**Exercise brief:** Look below for the line with "Nőgyógyászati ultrahang mit mutat ki"; begin the copy there and stop after the line with "Transient Pigmentary Lines of the Newborn", keeping the text exact and the pictures out.

**Data section:**

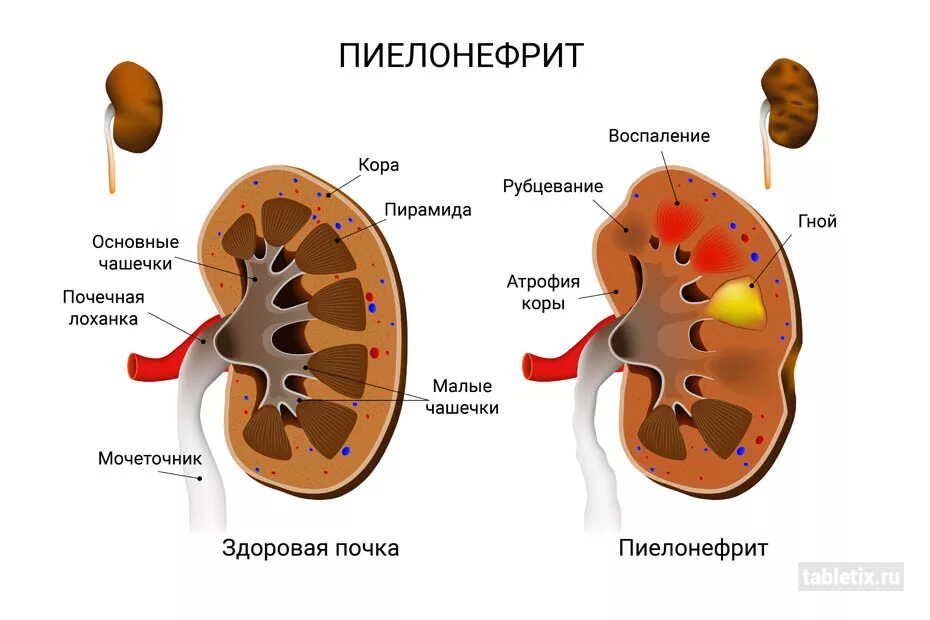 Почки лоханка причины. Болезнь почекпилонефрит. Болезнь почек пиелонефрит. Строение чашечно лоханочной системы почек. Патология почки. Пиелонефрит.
---
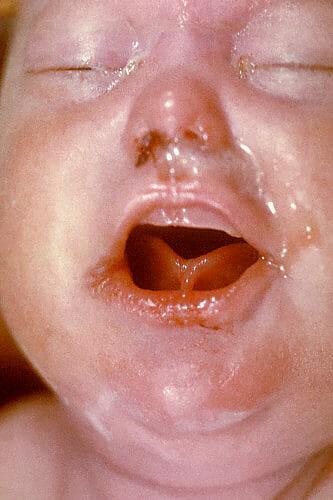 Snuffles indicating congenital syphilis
* * *
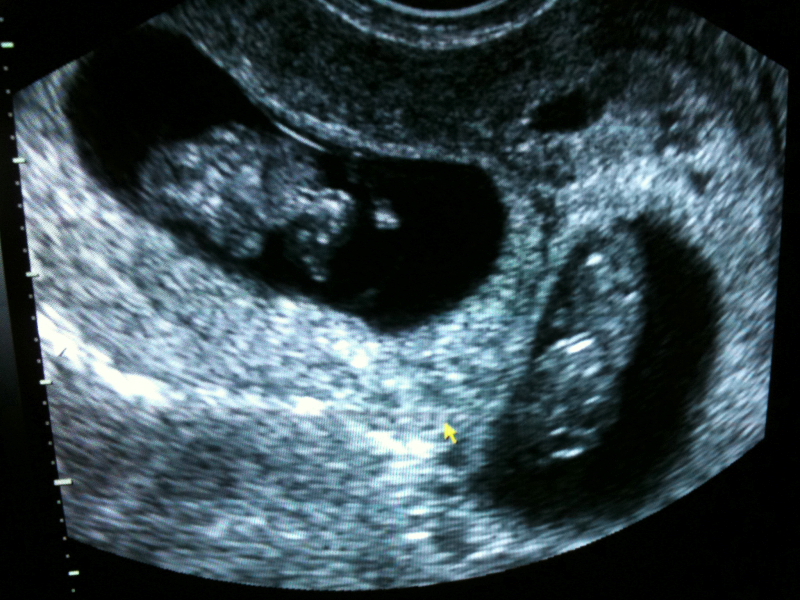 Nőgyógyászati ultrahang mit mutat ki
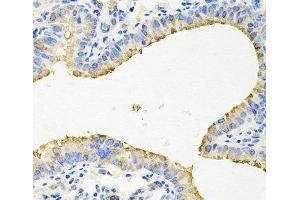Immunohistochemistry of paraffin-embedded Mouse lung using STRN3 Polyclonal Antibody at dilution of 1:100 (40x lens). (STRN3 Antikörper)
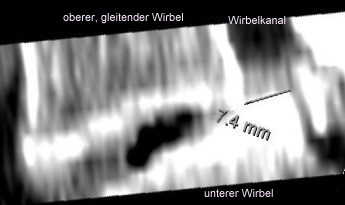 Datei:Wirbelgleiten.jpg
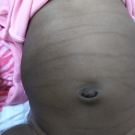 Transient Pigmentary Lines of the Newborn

**Result of the task:**
 Nőgyógyászati ultrahang mit mutat ki
Immunohistochemistry of paraffin-embedded Mouse lung using STRN3 Polyclonal Antibody at dilution of 1:100 (40x lens). (STRN3 Antikörper)
 Datei:Wirbelgleiten.jpg
 Transient Pigmentary Lines of the Newborn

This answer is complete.